▸ Records for processing:
==*==
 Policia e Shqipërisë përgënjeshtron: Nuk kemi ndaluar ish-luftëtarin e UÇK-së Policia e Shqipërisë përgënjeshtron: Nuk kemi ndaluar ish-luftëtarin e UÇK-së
==*==
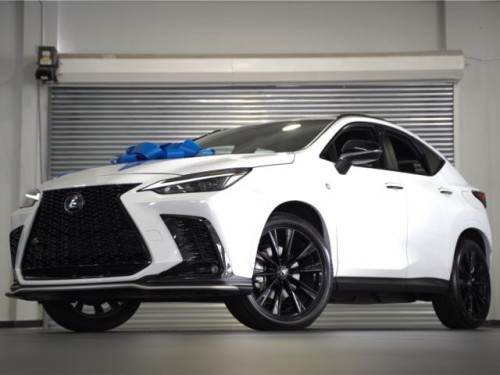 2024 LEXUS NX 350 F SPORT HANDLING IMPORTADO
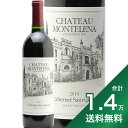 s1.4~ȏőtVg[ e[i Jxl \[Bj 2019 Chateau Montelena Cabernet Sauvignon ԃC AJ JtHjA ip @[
==*==
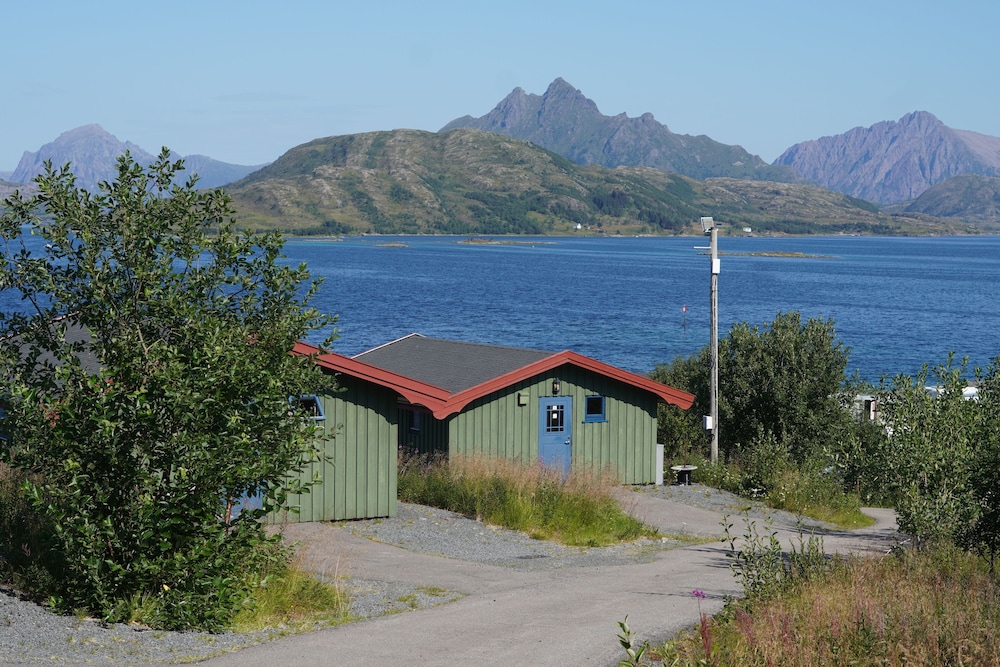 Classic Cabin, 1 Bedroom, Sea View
==*==
▸ Exercise prompt: In the listing above, the required lines run from the line with "2024 LEXUS NX 350 F SPORT HANDLING IMPORTADO" through the line with "s1.4~ȏőtVg[ e[i Jxl". Output exactly those lines, omitting pictures.

▸ Answer for this exercise:
 2024 LEXUS NX 350 F SPORT HANDLING IMPORTADO
 s1.4~ȏőtVg[ e[i Jxl \[Bj 2019 Chateau Montelena Cabernet Sauvignon ԃC AJ JtHjA ip @[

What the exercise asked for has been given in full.